● **WHAT YOU ARE ASKED TO DO**
If the records include pictures, omit them and set down everything else verbatim.
-- DATA follows --
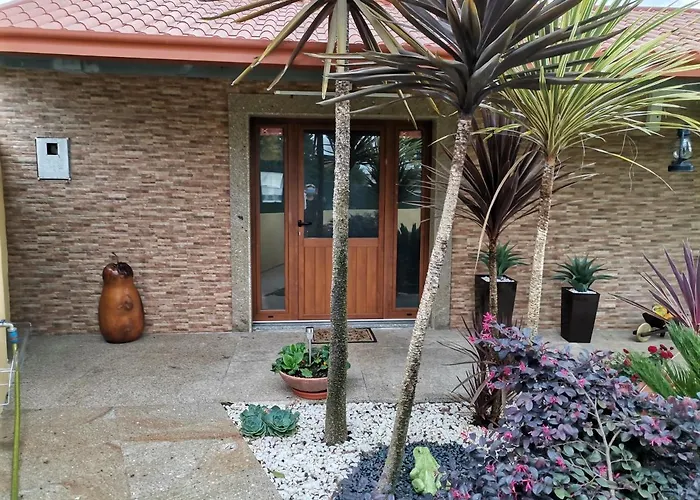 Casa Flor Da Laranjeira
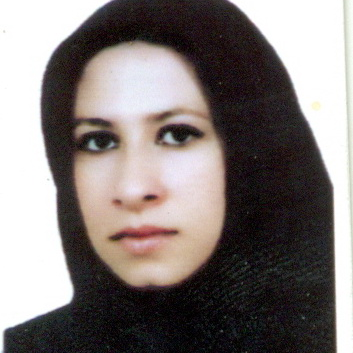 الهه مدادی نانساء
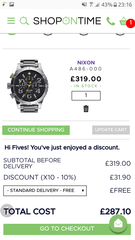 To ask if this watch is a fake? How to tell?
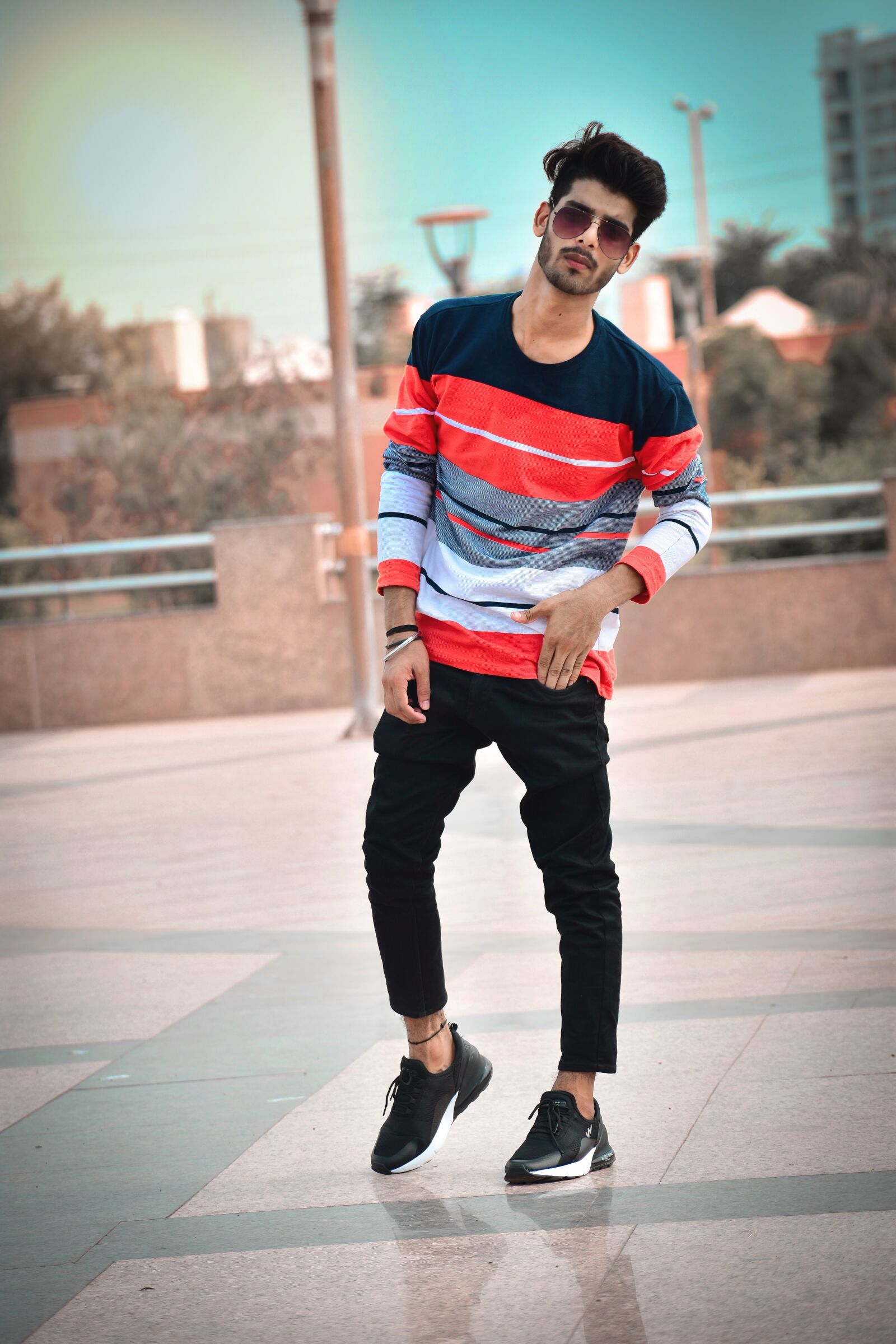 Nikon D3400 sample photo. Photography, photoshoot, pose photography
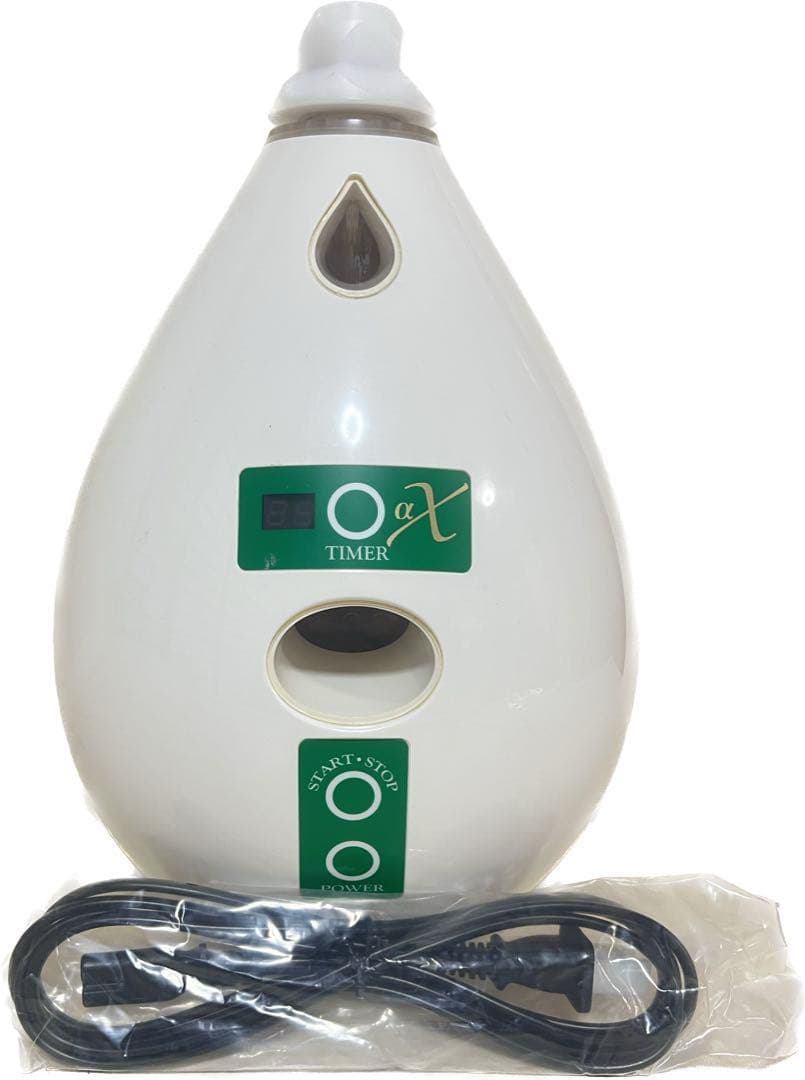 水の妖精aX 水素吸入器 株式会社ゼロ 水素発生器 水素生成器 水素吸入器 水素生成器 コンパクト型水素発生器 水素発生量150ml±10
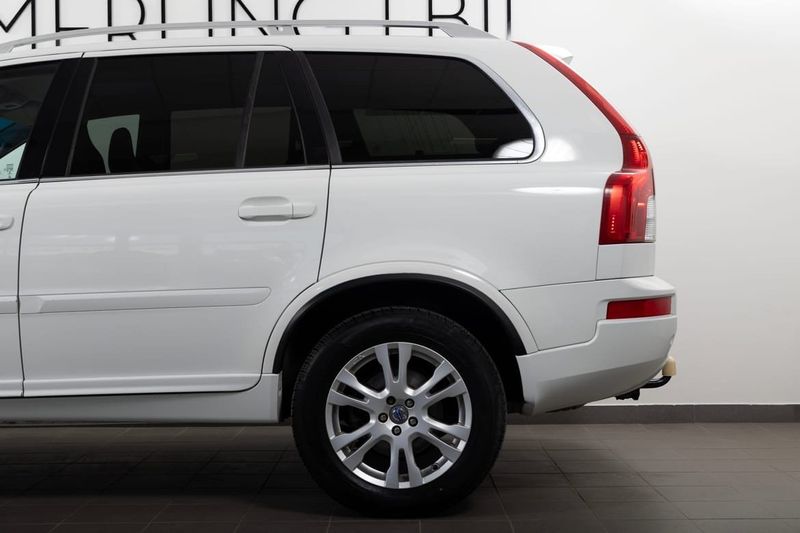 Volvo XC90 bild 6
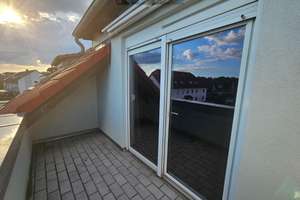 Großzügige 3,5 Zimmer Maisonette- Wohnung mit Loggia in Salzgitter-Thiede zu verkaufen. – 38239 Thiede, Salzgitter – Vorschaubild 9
-- DATA concluded --
● **ANSWER AREA**
 Casa Flor Da Laranjeira
 الهه مدادی نانساء
 To ask if this watch is a fake? How to tell?
 Nikon D3400 sample photo. Photography, photoshoot, pose photography
 水の妖精aX 水素吸入器 株式会社ゼロ 水素発生器 水素生成器 水素吸入器 水素生成器 コンパクト型水素発生器 水素発生量150ml±10
 Volvo XC90 bild 6
 Großzügige 3,5 Zimmer Maisonette- Wohnung mit Loggia in Salzgitter-Thiede zu verkaufen. – 38239 Thiede, Salzgitter – Vorschaubild 9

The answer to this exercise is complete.